*** Opening DATASET RECORDS ***

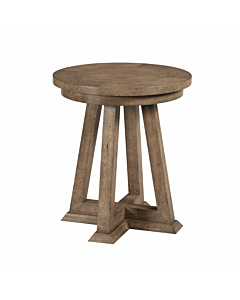 Hammary Skyline Evans Chairside Table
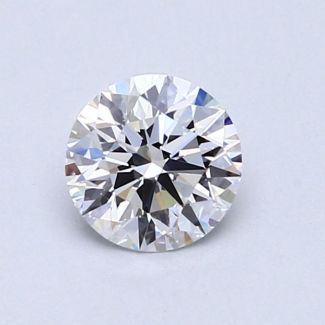 0.72 Carat Round D VS1 EX GIA Natural Diamond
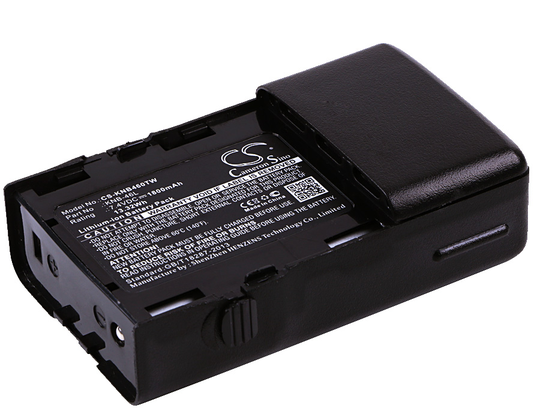 KENWOOD ProTalk XLS 464-467 TK-3230 TK-3230BKP akku 1800mAh / 13.32Wh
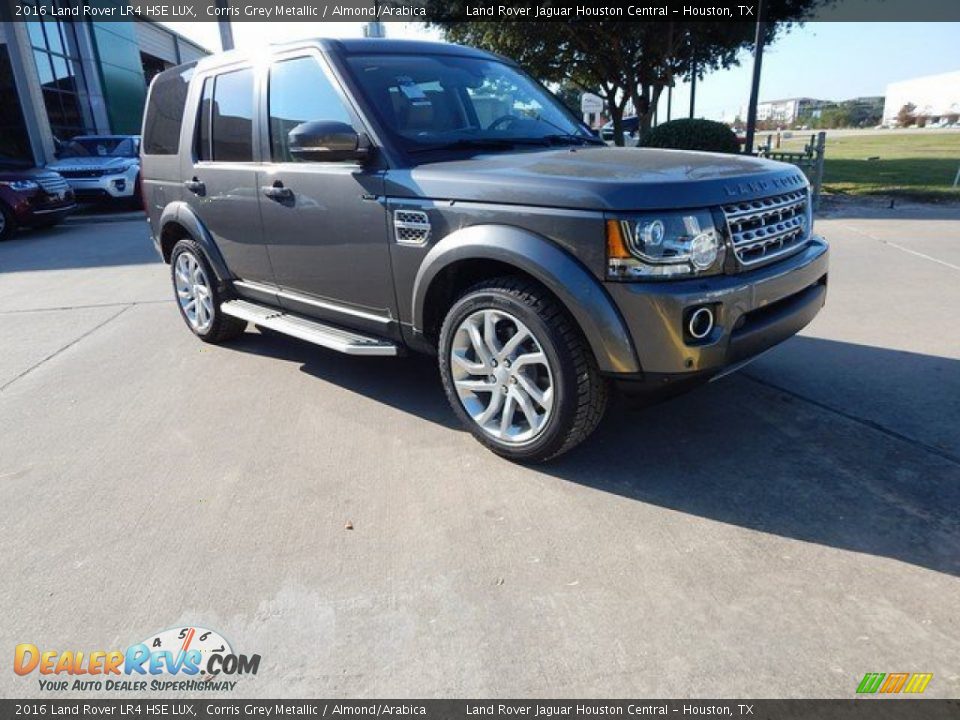 2016 Land Rover LR4 HSE LUX Corris Grey Metallic / Almond/Arabica Photo #1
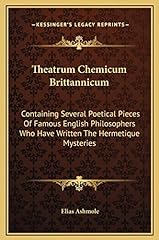 Theatrum chemicum brittannicum for sale  Delivered anywhere in USA 
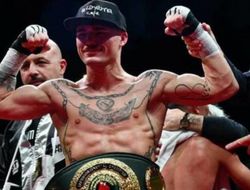 фото - Майкл Магнези нокаутировал африканца и завоевал чемпионский титул (+ видео)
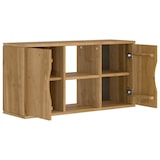 thumbnail of vidaXL TV-Schrank ODDA 79x24x40 cm Massivholz Kiefer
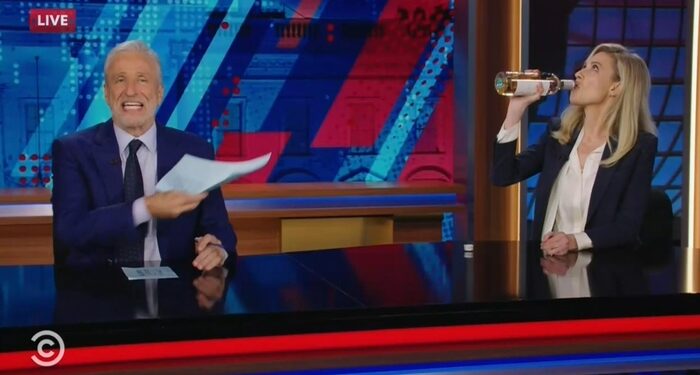 Daily Show Struggles To Cope With Trump Winning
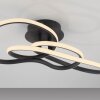 Paul Neuhaus lights TWIST ceiling light LED black, 1-light source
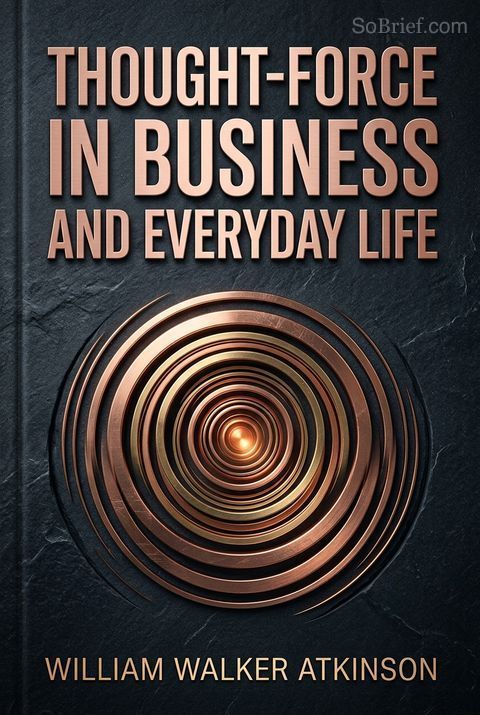 Thought-Force in Business and Everyday Life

*** Closing DATASET RECORDS ***

**EXERCISE REQUIREMENTS**
Could you repeat every entry above exactly, with each picture omitted?

**OUTPUT BELOW**
 Hammary Skyline Evans Chairside Table
 0.72 Carat Round D VS1 EX GIA Natural Diamond
 KENWOOD ProTalk XLS 464-467 TK-3230 TK-3230BKP akku 1800mAh / 13.32Wh
 2016 Land Rover LR4 HSE LUX Corris Grey Metallic / Almond/Arabica Photo #1
 Theatrum chemicum brittannicum for sale  Delivered anywhere in USA 
 фото - Майкл Магнези нокаутировал африканца и завоевал чемпионский титул (+ видео)
 thumbnail of vidaXL TV-Schrank ODDA 79x24x40 cm Massivholz Kiefer
 Daily Show Struggles To Cope With Trump Winning
 Paul Neuhaus lights TWIST ceiling light LED black, 1-light source
 Thought-Force in Business and Everyday Life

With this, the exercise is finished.